Georgia GOP Congressman Tom Price does not think it is fair for a Democrat to counter months of Republican hyperbole with actual statistics. So the Georgian has drafted a resolution that accuses Grayson of committing "a breach of decorum and (degrading) the integrity and proceedings of the House."

Grayson's response:

"A resolution like that doesn't save one human being's life."

The resolution has yet to be introduced and is unlikely to get far in the overwhelmingly Democratic House. Like the silly Democratic resolution seeking objecting to South Carolina Republican Congressman Joe Wilson's boorish behavior during President Obama's address to the Joint Session of Congress, Price's proposal is a meaningless exercise.

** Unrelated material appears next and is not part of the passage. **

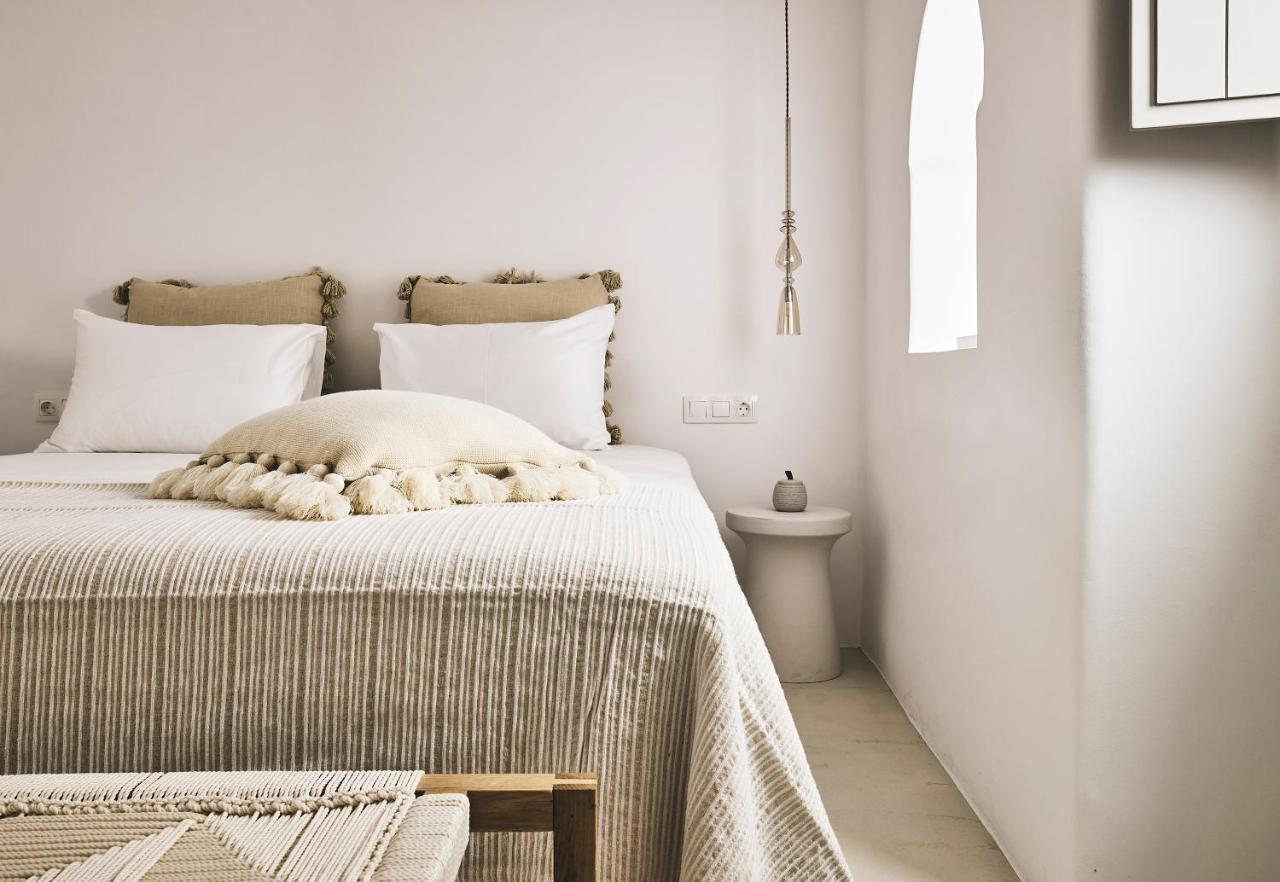 Elaia Luxury Suites Mykonos Mykonos Town Luaran gambar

Yet, Grayson's more cautious colleagues in the Democratic caucus (notably caucus chair John Larson of Connecticut) say they'll urge their Jewish colleague to back away from some of his remarks — especially a Holocaust reference that, while on-point to the view of those who see the denial of healthcare to the sick as an act of brutality, seemed gratuitous and unnecessary to politicians who are ill at ease with such passionate language.

Grayson, whose official biography begins with a telling quotation from the Torah ("Justice, justice, ye shall seek..."), shows no signs of backing down.

The congressman, who beat an entrenched Republican incumbent in 2008 and is confident he'll win again in 2010 (perhaps with some support from libertarian Republicans who appreciate his loose alliance with 2008 GOP presidential candidate Ron Paul on issues of holding Federal Reserve bankers to account) says he is hearing a lot more praise than criticism.

"People are calling us from all over the country to congratulate us for telling the truth," says Grayson. "People are happy to see a Democrat with guts."

In fact, Grayson has a lot to teach a Democratic caucus that has not begun to fight for health care reform.

While Republicans have been waging a war against reform, Democrats have been in duck-and-cover mode — until now.

Grayson may sound a little over-the-top to some Capitol insiders.

Some of his language may unsettle even his allies.

But to Americans who this week witnessed the revolting rejection by Democrats on the Senate Finance Committee of even mild reforms like the proposed "public option," the Florida congressman's words will sound like the sanest message coming not just from his side of the aisle but from all of official Washington.